Apparently I never listen to my own advice. The day before Spodley, I decided that this would be the ideal time for a first attempt. I bought the ingredients that I was missing (like the white chocolate chips that I'd eaten in the interim) and left the ones that didn't need to be refrigerated sitting in the living room overnight. The following morning, after discovering that my cat had made a bed out of the packets of chocolate chips and fused them into bars with her body heat, I ran out and bought replacements, leaving me with a fraction of the time I'd planned on.

My mental arithmetic is normally pretty good. I say this now in my defence, as my attempt to scale the quantities of the ingredients fourfold was flawed. This was probably down to my insistence on mixing imperial and metric units, depending on which gave me rounder numbers when I multiplied. This led to me using somewhat less flour that I should have. The resulting cookie dough was tasty, though, and I deemed it a success at the time.

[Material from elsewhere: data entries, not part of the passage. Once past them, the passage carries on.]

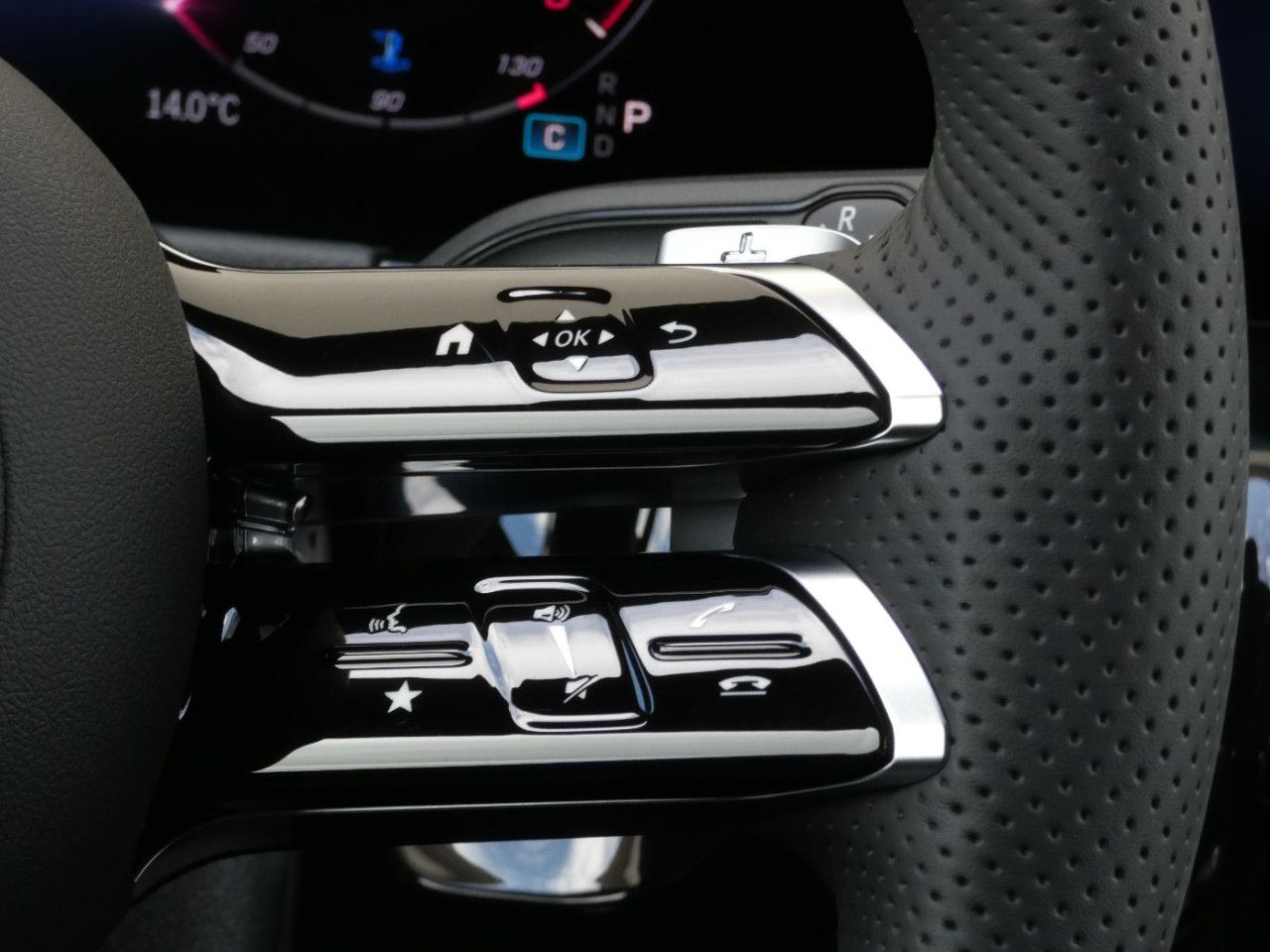 Fahrzeugbild 24 / 29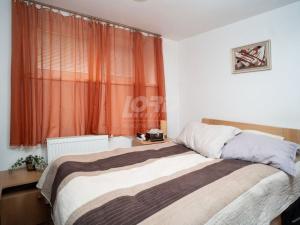 Prodej bytu 6+kk a větší, Trutnov - Dolní Předměstí, Janáčkova, 240 m2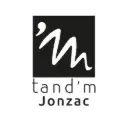 Tand'M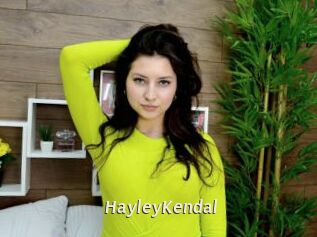 HayleyKendal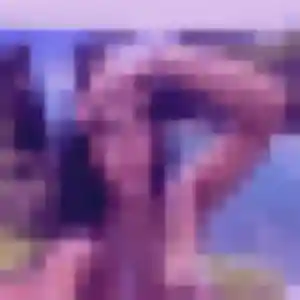Photo perso de Luna, 31 ans à Étampes - plan discret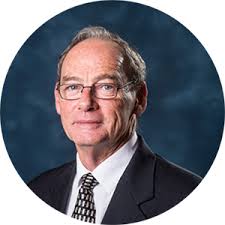 Papa Joe: The Mortgage Pro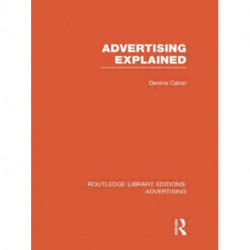 Advertising Explained (RLE Advertising)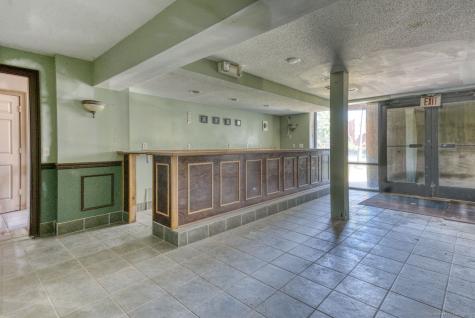 2404 Main Street Hartford CT 06120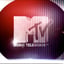 Vignette de « Nau Showreel 2009 »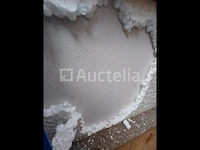 Spaanse marmer caliza capri verzoet - afbeelding 6 van  6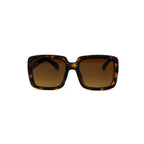 Lentes Okkia De Sol OK027 by Okkia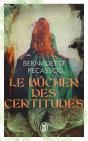 Le Bûcher Des Certitudes - Preview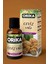 Ceviz Yağı 20 Ml. 1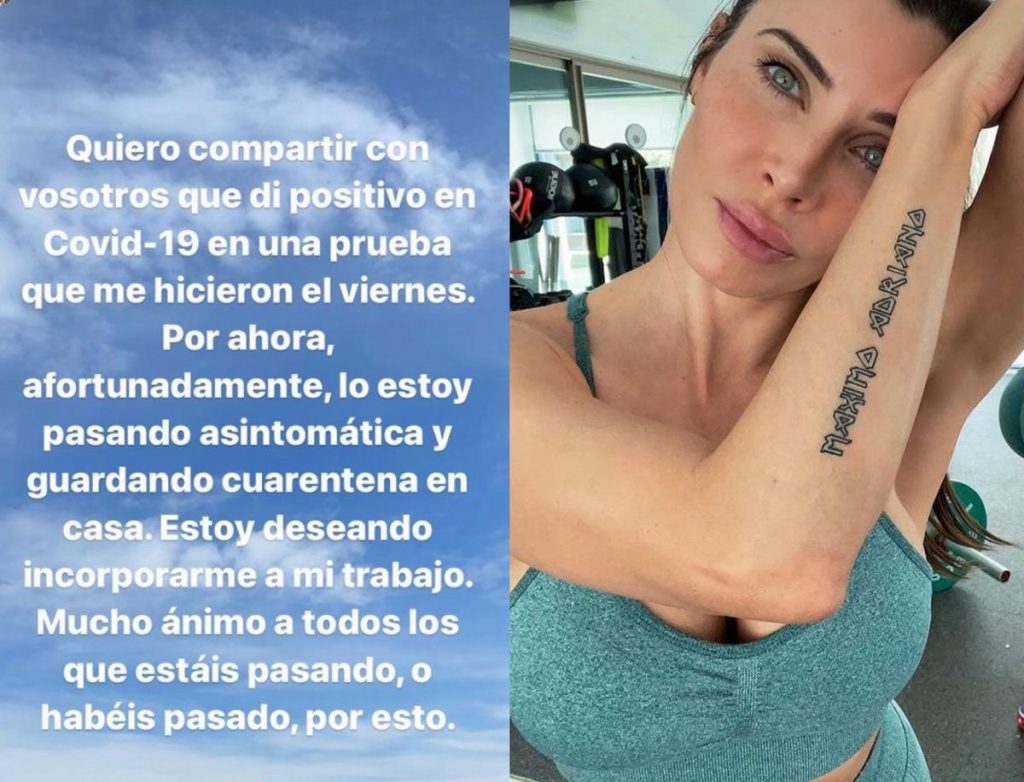 pilar-positiva-covid-allena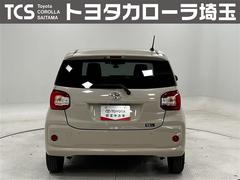 ���Ŀ��ϥ��ʥ��᥿��å��ʣԣ����ˡ� 3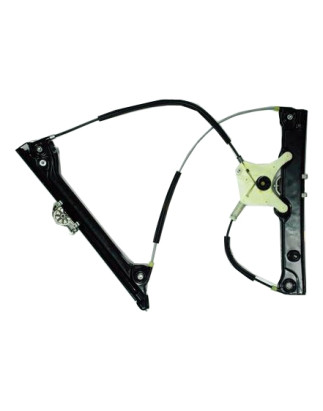 MECCANISMI ALZACRISTALLI ANTERIORE SINISTRO 2 PORTE BMW SERIES 6 F131206 COUPECABRIO 0111  0115, BMW SERIES 6 F131206 COUPECABR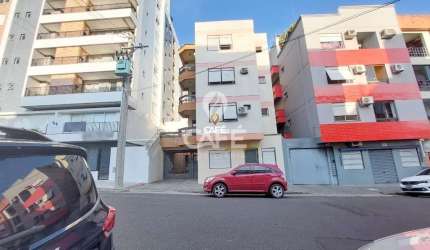 Residencial Estoril: Loja comercial com 46,90 m² útil;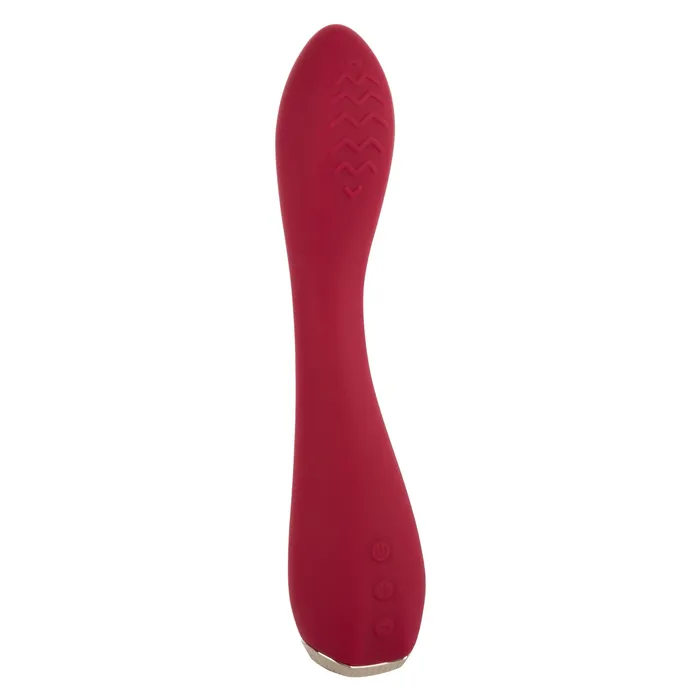 Vibrators | Calexotics Uncorked Malbec Vibrators | Calexotics Uncorked Malbec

For someone who'd never made cookies before, let alone followed this recipe, I was pretty fast and loose with it. I spend enough time cooking that I can get pretty arrogant about it, and keep forgetting that I can't get away with this when baking. As a result, I placed about twice as many proto-cookies on the baking tray as indicated. Of course, they expanded significantly during cooking, and spread out into one giant tray-shaped cookie with the mocking parody of divisions running through it, leading to some emergency surgery with the edge of a spatula. It was also very doughy – possibly because it hadn't baked for long enough – and I realised that I didn't have time to let it set properly.

Sometimes the obvious solution is exactly the wrong one. In order to get this to set properly, I thought, it needs to cool. It will do that so much better in the fridge. In practice, this just made the dough colder and soggier.

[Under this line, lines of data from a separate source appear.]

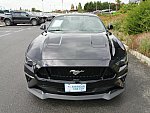 FORD MUSTANG GT 421 ch coupé occasion - 56 900 €, 35 520 km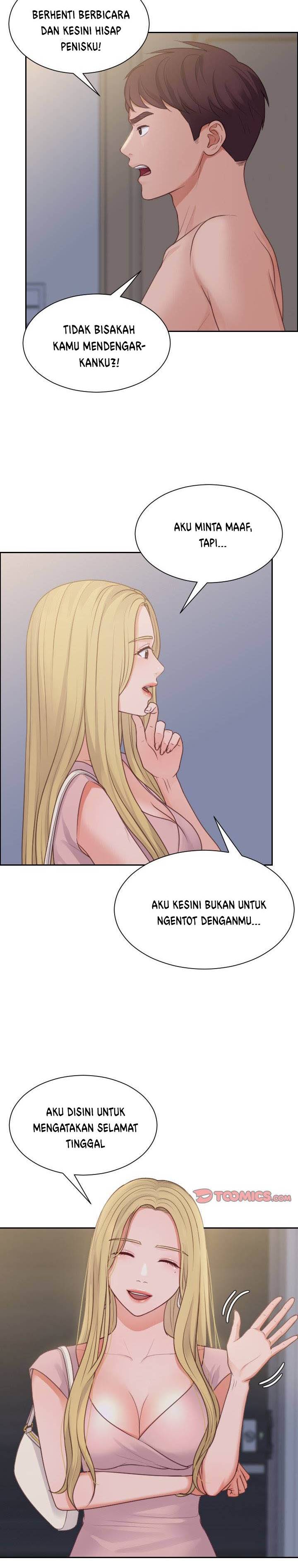 Halaman 6 dari 30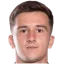 Bautista Burke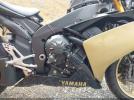 Yamaha Yzfr1 Image 4
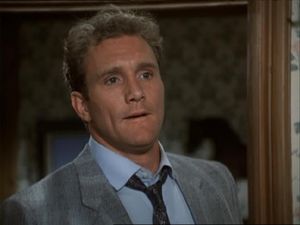 Michael McGrady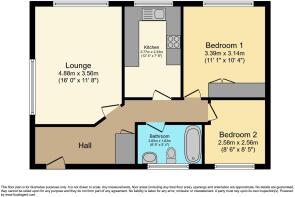 ord-uovbr-466987-floorplan-final.jpg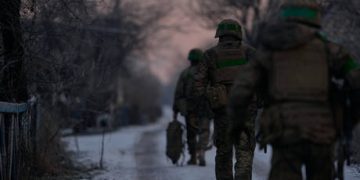 Most Poles want unemployed Ukrainian men deported – poll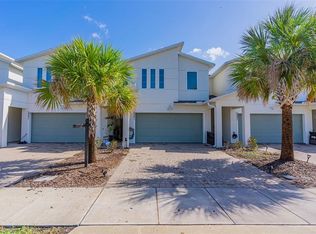 3341 Beau Rd, Kissimmee, FL 34746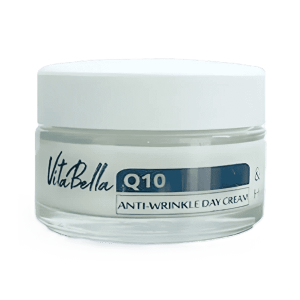 کرم ضدچروک Q10 ویتابلا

The next two trays of cookies went slightly better. Not only did I leave enough space between the cookies that only about about a half were conjoined, but by the time I got to the last tray I even had the presence of mind not to put them in the fridge. This meant that some of the cookies actually ended up looking like cookies; I decided to try to pass the rest off as flapjacks.

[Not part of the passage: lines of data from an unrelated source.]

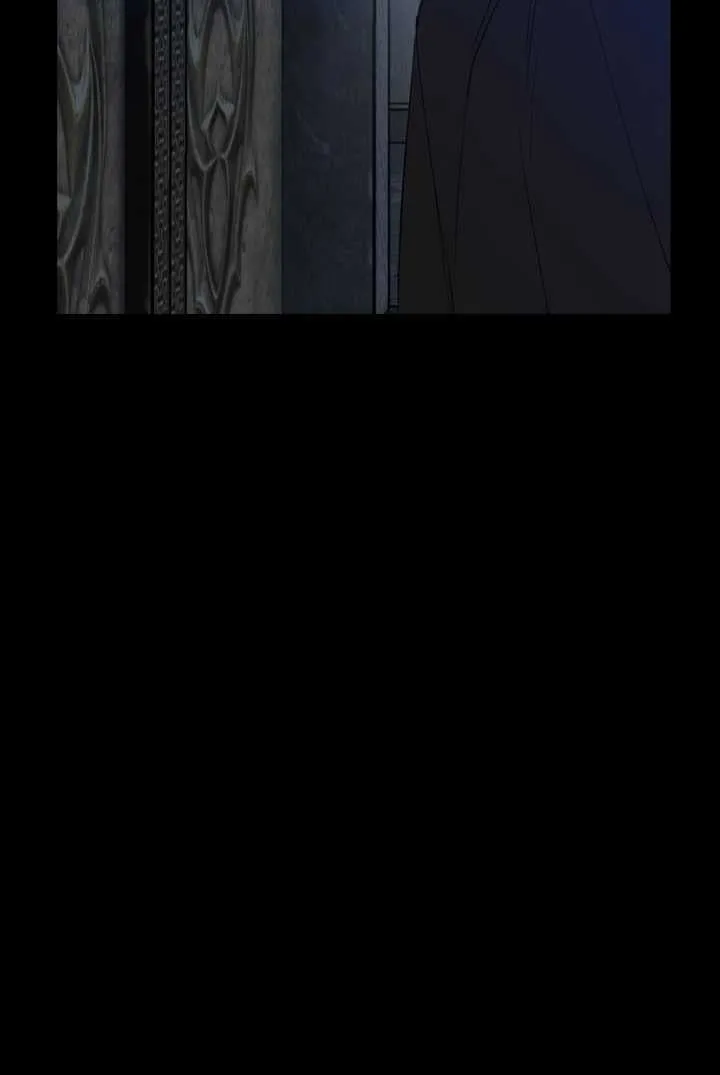 第105话38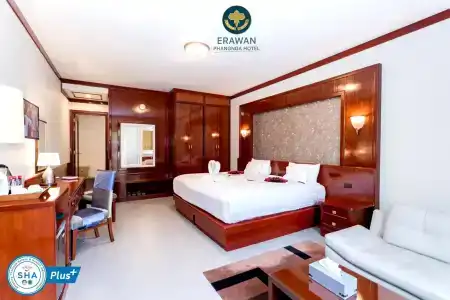 Erawan - 4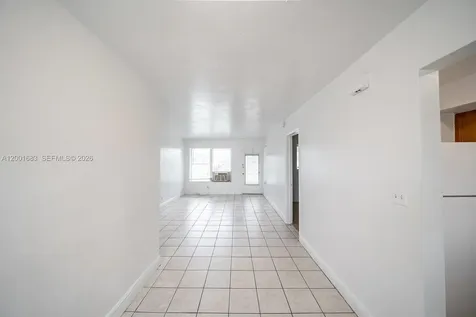 1241 W River Drive Margate FL 33063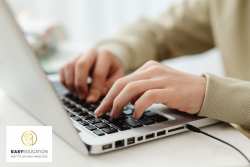 &Epsilon;&rho;&gamma;&alpha;&zeta;ό&mu;&epsilon;&nu;&omicron;&iota;: Voucher &kappa;&alpha;&tau;ά&rho;&tau;&iota;&sigma;&eta;&sigmaf; &Delta;&Upsilon;&Pi;&Alpha; 750&euro;: &Tau;&rho;ί&tau;&eta; 10/03 &alpha;&nu;&omicron;ί&gamma;&epsilon;&iota; &eta; &pi;&lambda;&alpha;&tau;&phi;ό&rho;&mu;&alpha;. &Lambda;&epsilon;&pi;&tau;&omicron;&mu;έ&rho;&epsilon;&iota;&epsilon;&sigmaf; &upsilon;&pi;&omicron;&beta;&omicron;&lambda;ή&sigmaf; &amp; &kappa;&rho;&iota;&tau;ή&rho;&iota;&alpha; &epsilon;&pi;&iota;&lambda;&omicron;&gamma;ή&sigmaf;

Shortly before I had to leave, and long before the cookies had a chance to set, I put them in two big plastic containers, with sheets of kitchen towel separating the layers. I then drove to Long Buckby like a maniac, taking corners with my usual disregard for the laws of Newtonian physics. The cookies suffered for this, and gave up all semblance of form as they were tossed and battered.

Astonishingly, the end results still went down fairly well, despite being poorly thought out, half-baked, delivered in too much of a hurry and bearing little relation to the original design. There's probably a metaphor in here somewhere, but it's beyond me.

Actual Food: Something like Japanese coleslaw

Scott Dorward's picture

This one was really easy -- I just chopped a head of Savoy cabbage in fine strips and covered them in a couple of cups of Japanese rice vinegar, mixed with about four tablespoons of caster sugar. I left the resulting mess for twelve hours, tossing every few hours. It should have been served with sesame seeds, but I forgot.

When I normally make this, I don't use cabbage, which probably means that I'm making something different. My regular ingredients are very fine strips of carrot and daikon (a large white Japanese radish shaped like a knob gag -- I've seen them in Tesco) instead of cabbage, but it takes a lot longer to chop. It does have the advantage of looking much prettier, and the carrot makes it even sweeter.

Ideally you should leave it marinating in the fridge, but there wasn't room this time. It seemed nice enough at room temperature.

Still to come: miso soup and poultry infanticide, but they'll have to wait until tomorrow. I'd also like to see Andrew's fajita and brownie recipes, Claire's pasta sauce and Malcom's meat beat manifesto.

Thanks for these Scott! I

Andrew Kenrick's picture

Thanks for these Scott! I know what I'll be trying over the weekend!

I'll post my recipes tomorrow. They're both pretty easy.